• **Problem requirements**:
Please give back each line of the material unchanged, but without the images.

• **Collected data**:
• • • •

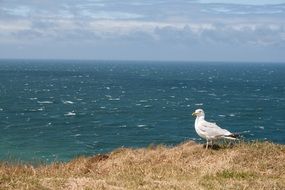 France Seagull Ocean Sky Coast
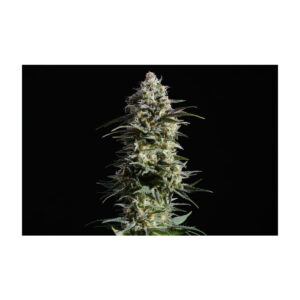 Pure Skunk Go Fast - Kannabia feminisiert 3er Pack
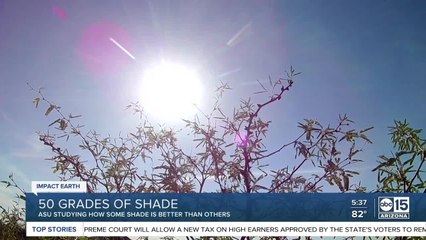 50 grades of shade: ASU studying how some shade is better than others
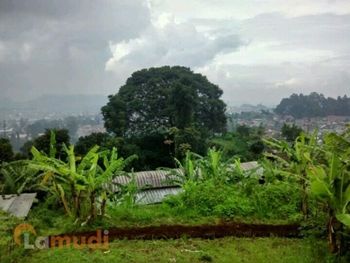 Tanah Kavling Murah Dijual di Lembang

• • • •

• **Result**:
 France Seagull Ocean Sky Coast
 Pure Skunk Go Fast - Kannabia feminisiert 3er Pack
 50 grades of shade: ASU studying how some shade is better than others
 Tanah Kavling Murah Dijual di Lembang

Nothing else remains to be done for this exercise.